# New 30 gallon



## stanly89 (Feb 2, 2011)

This is what I'm thinking: 2 dwarf gourami males, 4 zebra danios, 1 marigold wag swordtail, and for cleen up crew 3 olive nerita snails and 1 mini crab. Will these fish survive the cycle?


----------



## majerah1 (Oct 29, 2010)

The zebras will, not sure about the olive nerites and crab.The crab i am unsure about because they will snatch fish if they get big enough.Also i wouldnt recommend the two male gouramis,they are territorial.Perhaps try to get a female with one male.


----------



## jrman83 (Jul 9, 2010)

Don't put all of those in for your cycling. Just put in the 4 danios...they are arguably one of the hardiest fish out there. They should survive it and once your cycle is completed, then add your other fish.


----------



## petlover516 (Nov 12, 2008)

Try and cycle without fish. It's better for the tank and the fish. U can start the cycle with pure ammonia(found at hardware stores), and there are several other ways as well.


----------



## Martini2108 (Jul 23, 2010)

while yes you can cycle a tank without fish (imo not better for tank) but I would not recommend it for a beginner. The fish to cycle with are the danios, very hardy fish and never seem to stop moving. The gouramis would do better with a male/female pair(as stated before). Wait a bit before adding a cleaning crew you want some stuff to build up so they wont starve.


----------



## jrman83 (Jul 9, 2010)

Fishless is another alternative. Just search on here about what ammonia to use. Can't use just any one.


----------



## M1ster Stanl3y (Dec 10, 2010)

if you REALLY REALLY REALLY REALLY really really really really really need a fish for your fishless cycle you could always do it with a BETA. if you are going with dwarf gouramis they can get along when the tank is cycled.

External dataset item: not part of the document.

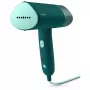 Rankinis garintuvas Philips 3000 serija STH3020/70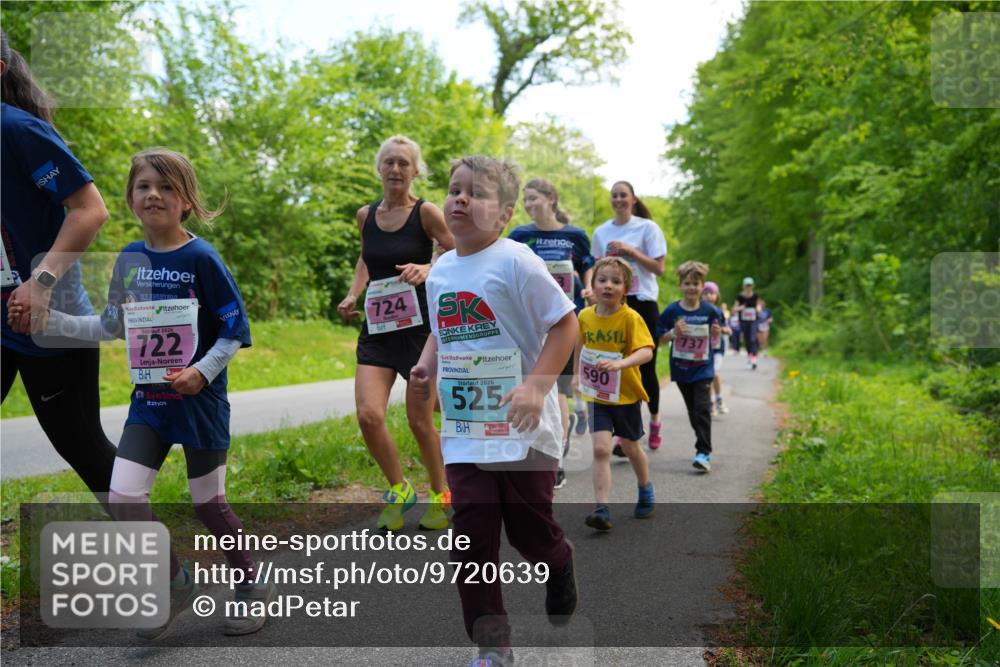 09.05.2026 - Störlauf LAZAROV Photography http://msf.ph/oto/9720639 09.05.2026 13:54:03 Laufen 2026, 722, 724, 2026, 525, 737, 590 meine-sportfotos.de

I dunno about the other fish tho. Best bet is fishless cycle with material from an established tank(substrate, filter pads, etc) Adding live plants will also help the cycle out.


----------



## majerah1 (Oct 29, 2010)

The ammonia will burn the fins of a betta......If you need fish for cycling use zebra danios.


----------



## snail (Aug 6, 2010)

Martini2108 said:


> while yes you can cycle a tank without fish (imo not better for tank) but I would not recommend it for a beginner. The fish to cycle with are the danios, very hardy fish and never seem to stop moving. The gouramis would do better with a male/female pair(as stated before). Wait a bit before adding a cleaning crew you want some stuff to build up so they wont starve.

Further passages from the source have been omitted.